Well, we're not taking it anymore. We want to see a group set up that'll fight for our rights and put an end to harassment and unfair treatment. It can be really hard even just getting through the paperwork to claim the benefits we're owed, so we need to stick together if we're going to get anywhere. If this sounds like something you'd be interested in, contact sheffdoleys (at) gmail (dot) com
To find out more, and hear stories from other groups that've successfully fought for the rights of unemployed people, come to our launch meeting at the Quaker meeting house at 6pm on Thursday 28th January. It'll be at 10 St James Street, just off Church Street and a few minutes' walk from the Cathedral, with speakers from the Disabled People's Direct Action Network and Hackney Unemployed Workers.
Anyone is welcome to join us, particularly people claiming benefits of any sort (e.g. JSA, ESA, DLA, Incapacity Benefit, Housing Benefit, Income Support, Carers Allowance, Child Tax Credit, etc.), unemployed workers, unwaged people, etc.

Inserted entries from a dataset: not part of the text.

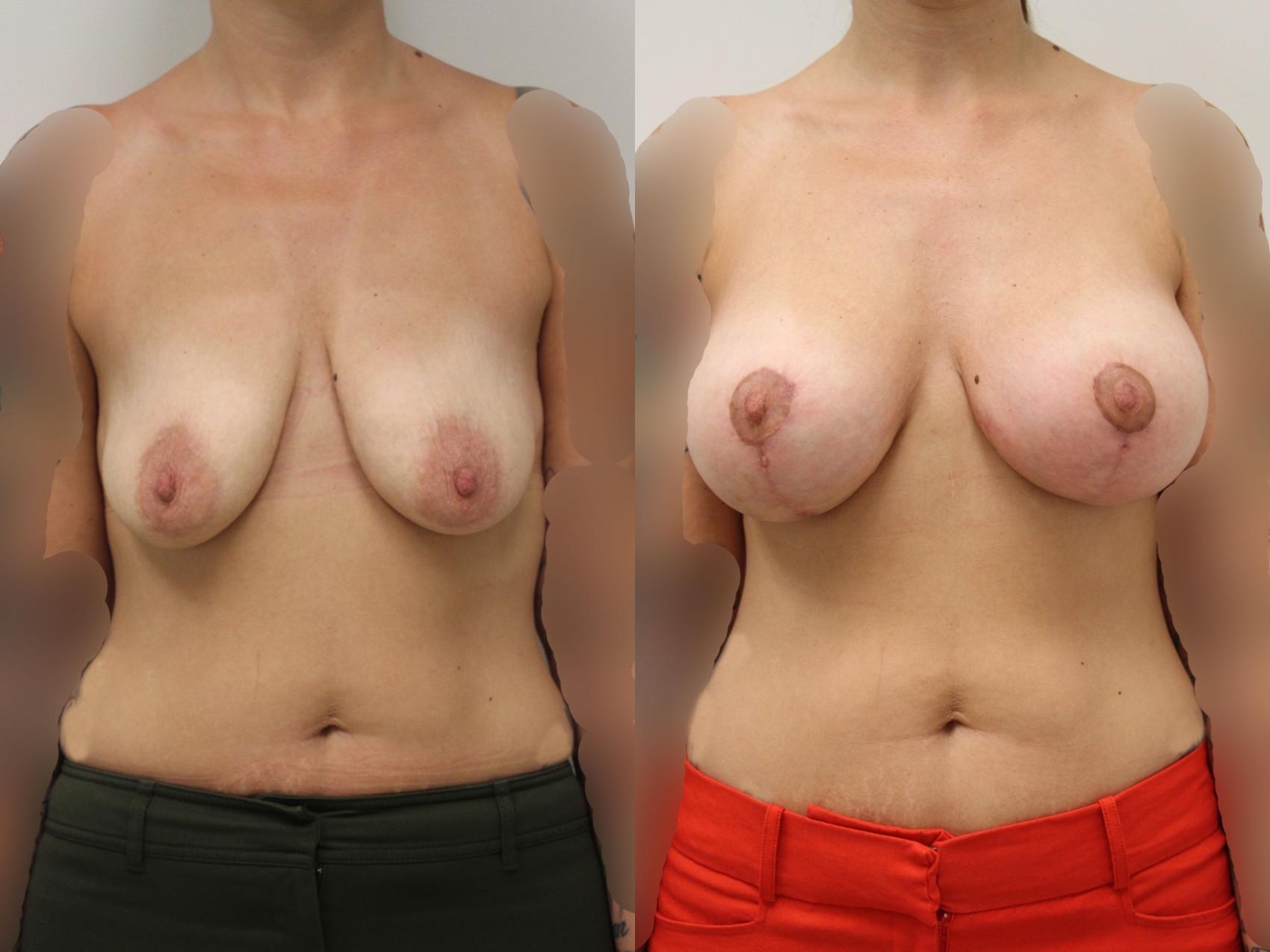 Before & After Breast Augmentation with Breast Lift  Case 8 View #1 View in Gilbert, AZ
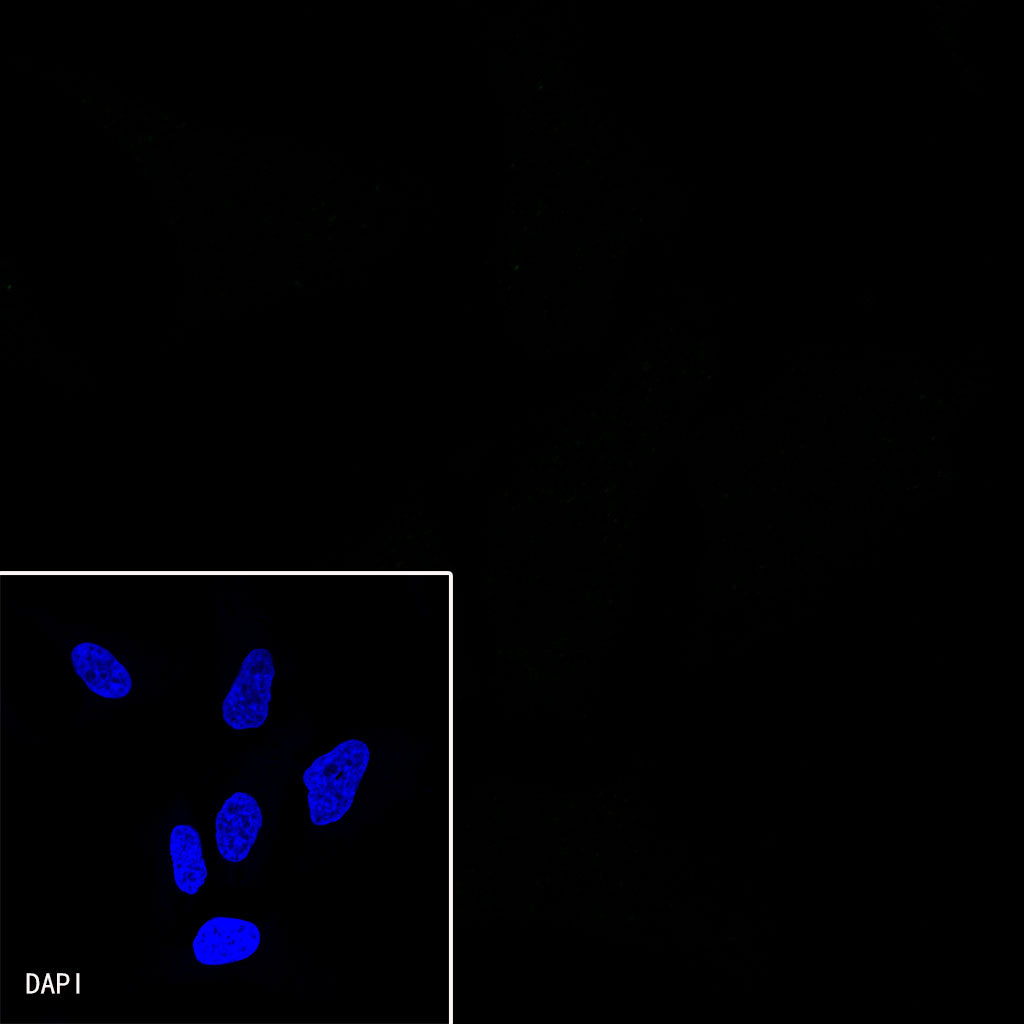 HNF4α Recombinant Rabbit mAb (SDT-373-64)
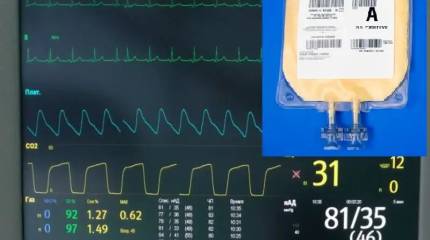 Сухая лиофилизированная плазма крови и СВО. Применение, технологии, ценообразование, логистика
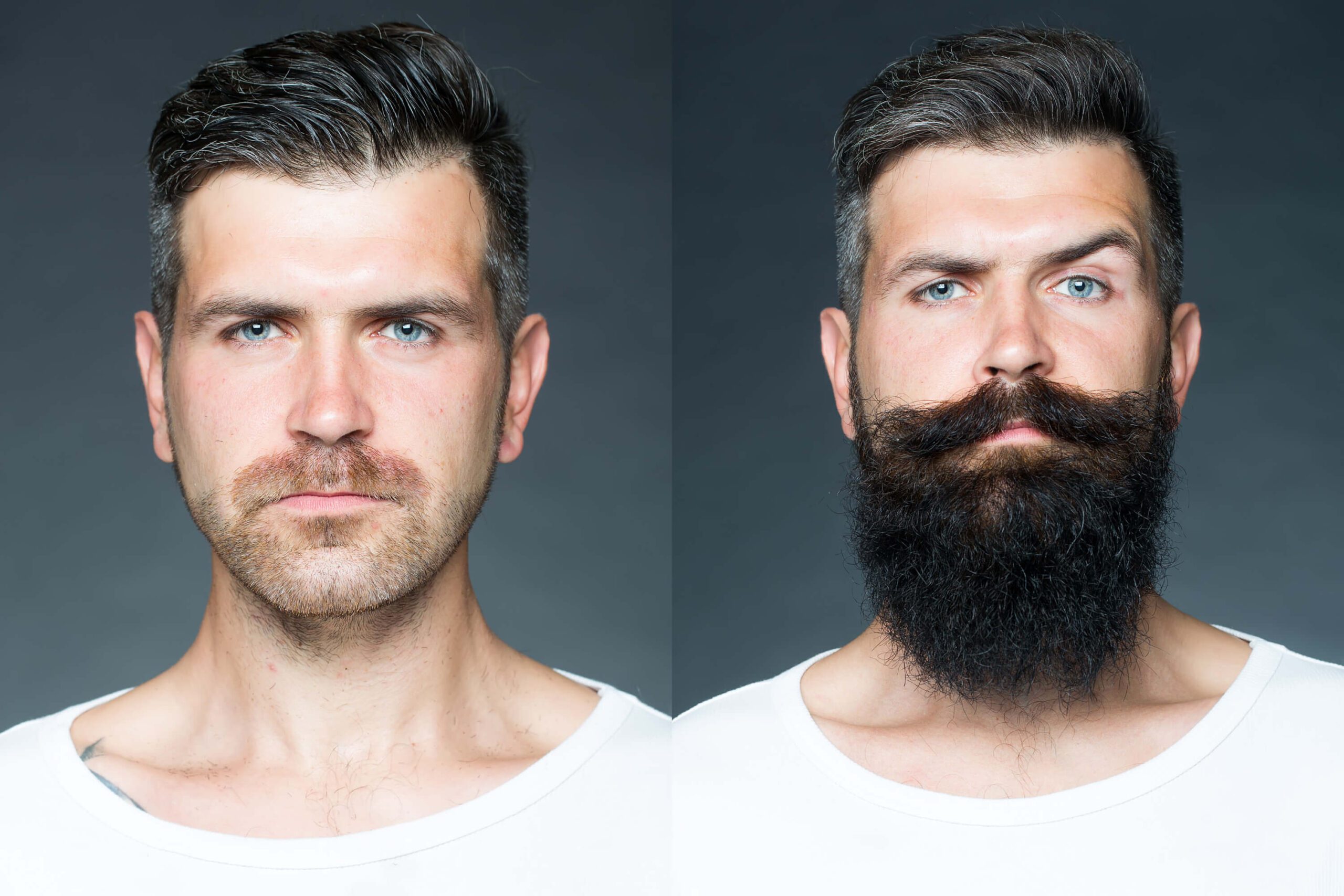 beard-transplant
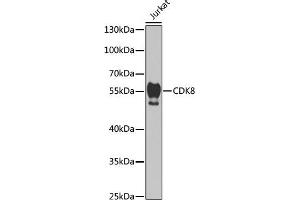 Western blot analysis of extracts of Jurkat cells, using CDK8 antibody (ABIN6129240, ABIN6138329, ABIN6138330 and ABIN7101776) at 1:1000 dilution. (CDK8 抗体  (AA 365-464))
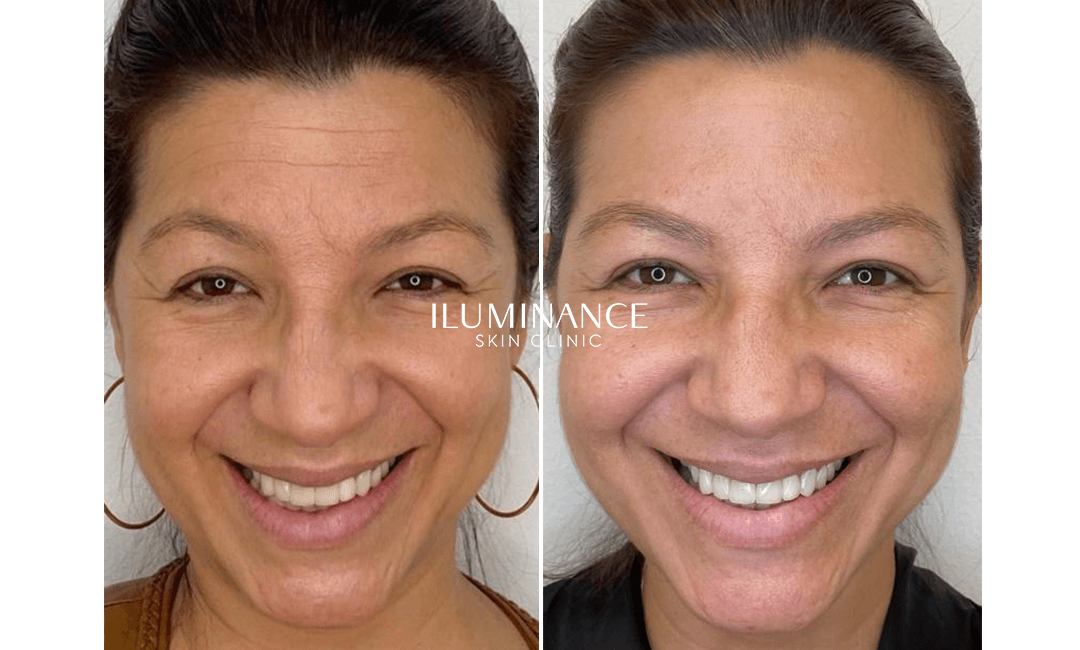 Botox - 21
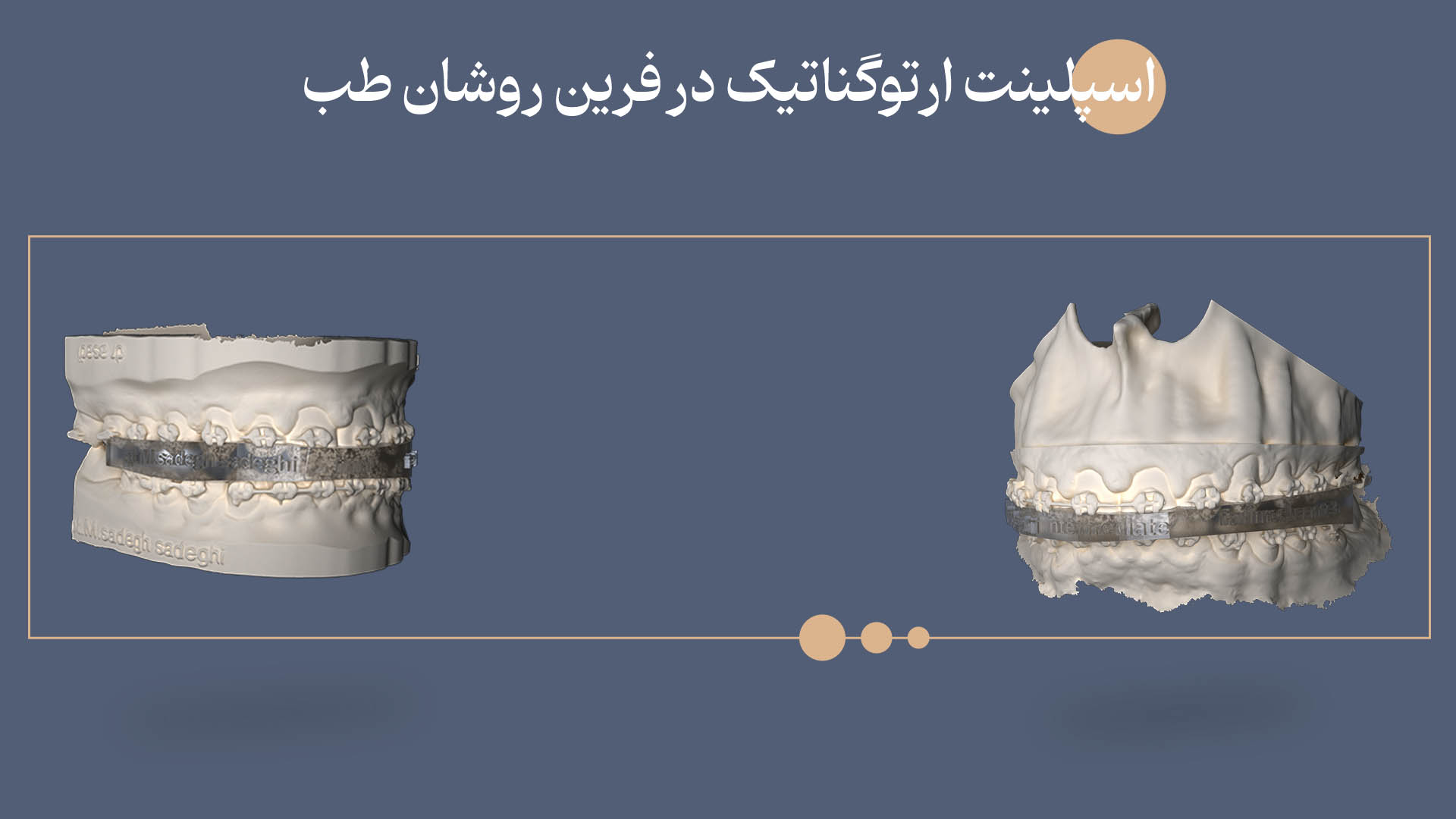 اسپلینت اکلوزال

What is a Claimants' Union?
At its simplest, a claimants' union is a group of people who are claiming benefits who come together to give each other mutual aid and act collectively to solve problems with the benefits system.
These may be individual problems, like a member's benefit money being stopped.
These may also be collective problems, such as treatment of people at a Jobcentre.
Solutions could be anything from members giving each other informal advice about how a similar situation has been handled before by other claimants, members accompanying each other to benefits interviews, writing letters of complaint from the union, organising leafleting sessions, or participating in direct action (for example, a group in Hackney, London, have occupied their local Jobcentre on behalf of individual members whose money had been stopped and also for collective problems such as not being allowed to take their children into the Jobcentre), or anything that members can think of.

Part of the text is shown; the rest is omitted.